Toute l'oeuvre réserve mille surprises mais je n'en examinerai qu'une seule, en page 135 du tome 3 (édition de poche).
Augustin y entame une discussion intérieure avec le néo-platonicien Porphyre, qu'il qualifie de "plus savant des philosophes, quoique le plus ardent des chrétiens", ce qui prouve bien qu'il ne s'agit pas de simple polémique.
Contrairement à ce que peuvent penser les esprits laïques de notre temps, notamment les universitaires "intellocentriques", il ne s'agit pas non plus d'un échange intellectuel comme il peut y en avoir entre philosophes athées, c'est à dire d'une confrontation des intelligences sur la base d'une rationalité coupée de Dieu ou des dieux. Il s'agit d'une confrontation entre deux destinataires de révélations surnaturelles incompatibles entre elles, le christianisme et le paganisme, dont ni l'un ni l'autre ne peuvent douter que la révélation dont l'interlocuteur/adversaire est bien une émanation de l'au-delà, la question étant "simplement" de savoir de quel au-delà il s'agit.
Au fondement de cette confrontation, nous dit Saint Augustin, il y a un passage du traité "Philosophie des Oracles" de Porphyre, dans lequel le philosophe examine de très près une prophétie adressée peut-on supposer à Delphes (Augustin ne précise pas où) à un païen qui voulait "retirer sa femme du christianisme". Dans cet oracle Apollon a parlé, et il a dit au pèlerin de laisser sa femme "célébrer, suivant de faux et d'abominables rites, les funérailles de ce Dieu mort (Apollon parle de Jésus), condamné par d'équitables juges, et livré publiquement au plus ignominieux des supplices".
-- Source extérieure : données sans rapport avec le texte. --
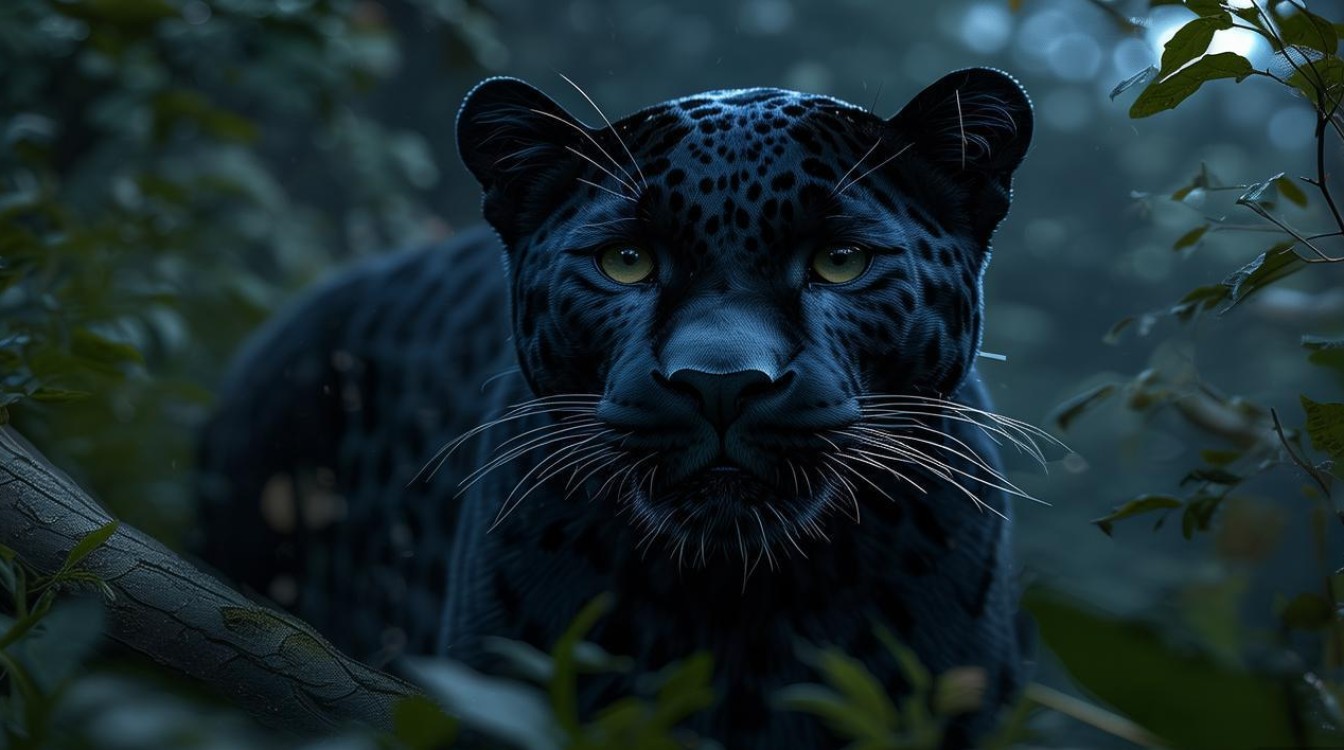 杭州逃逸豹子现身并产崽真相揭秘，谣言止于智者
Cela n'a l'air de rien, mais nous avons là le témoignage du point de vue "officiel" porté par Apollon - à travers la Pythie - sur Jésus-Christ. Ce n'est pas une spéculation de Porphyre, c'est une base factuelle, sur laquelle Porphyre et Augustin vont s'entendre pour travailler.
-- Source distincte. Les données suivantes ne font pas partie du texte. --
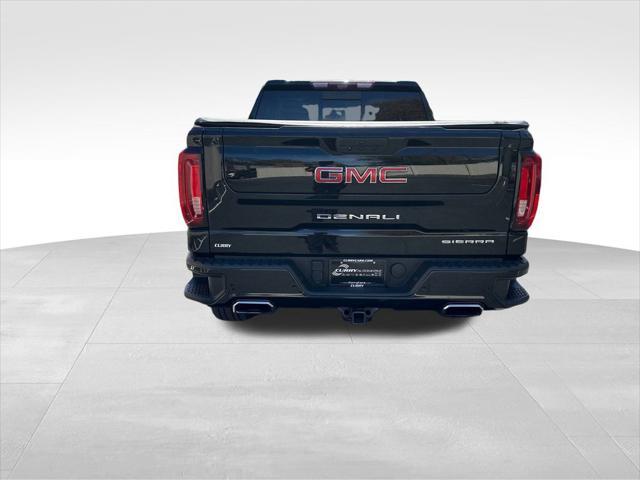 used 2021 GMC Sierra 1500 car, priced at $39,503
Le verdict des dieux antiques sur les dieux chrétiens ne s'arrête pas là, puisque ceux-ci toujours par la voix d'Apollon à l'occasion de cet oracle, allèrent jusqu'à affirmer que le vrai Dieu au dessus des Dieux n'est pas le Dieu des Chrétiens mais celui des Juifs : "Père souverain, les saints Hébreux dont il est la loi, l'honorent religieusement."
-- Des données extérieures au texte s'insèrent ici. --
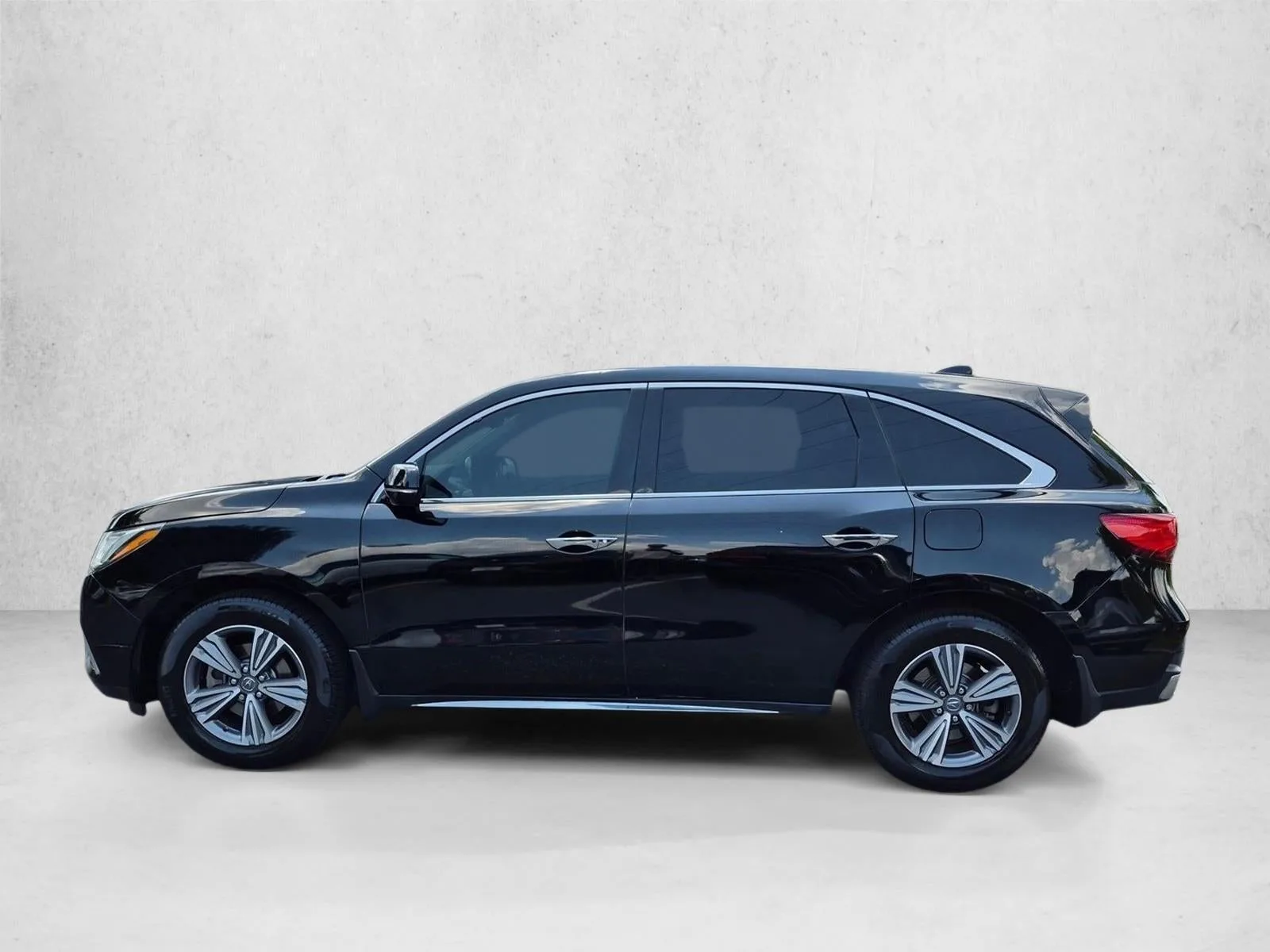 2020 Acura MDX SH-AWD 7-Passenger photo 9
Augustin bien sûr devant cette aberration, a beau jeu de répondre que le Dieu des Juifs par la voix de ses prophètes a proscrit aux hommes de sacrifier à d'autres dieu que lui, ce qui est incompatible avec la Foi païenne d'un Porphyre. Augustin peut ainsi en conclure que le prétendu Apollon est en fait un démon facétieux et destructeur qui construit juste des sophismes pour égarer le coeur et l'intelligence de l'homme. Tout comme étaient, pour Augustin, inspirés par des démons menteurs ceux croyaient qu'on pouvait construire une vraie République (c'est à dire une République juste) sans l'inspiration du Dieu unique.
Il va trouver un autre exemple qui va lui permettre de disqualifier les oracles des dieux antiques en la personne d'une "canalisation" (diraient les médiums contemporains) d'Hécate (déesse lunaire depuis l'époque de Plutarque), mais l'on ne sait pas si c'est une "canalisation" quelconque ou si elle fut rendue dans un de ses sanctuaires officiels (ce qui peut-être lui donnerait plus de poids). Interrogée sur la divinité du Christ, Hécate répond que l'âme du Christ est celle du "plus religieux des hommes", qu' "après sa mort son âme, comme celle des autres justes, a été douée de l'immortalité, mais que c'est aux chrétiens une erreur de l'adorer". On notera que c'est là typiquement l'opinion de la théosophie sur Jésus, et celle que beaucoup de médiums aujourd'hui reçoivent par "canalisation" : Jésus était un homme merveilleux, très sage, religieux, et son âme est devenue éternelle comme celle de tous les grands hommes, c'est un "guide de lumière", comme Bouddha, qui vient nous aider, voilà tout, une âme plus avancée que d'autres, mais pas le Dieu unique ressuscité... Et même, pour Hécate, Jésus a commis une petite erreur : il n'a pas su connaître ou reconnaître Jupiter, et c'est pourquoi il a été crucifié. Dans sa magnanimité Jupiter l'a admis dans son ciel, car c'était un juste, et donc il ne faut pas le maudire, mais il ne faut pas non plus le vénérer car il n'est pas très haut dans la hiérarchie divine".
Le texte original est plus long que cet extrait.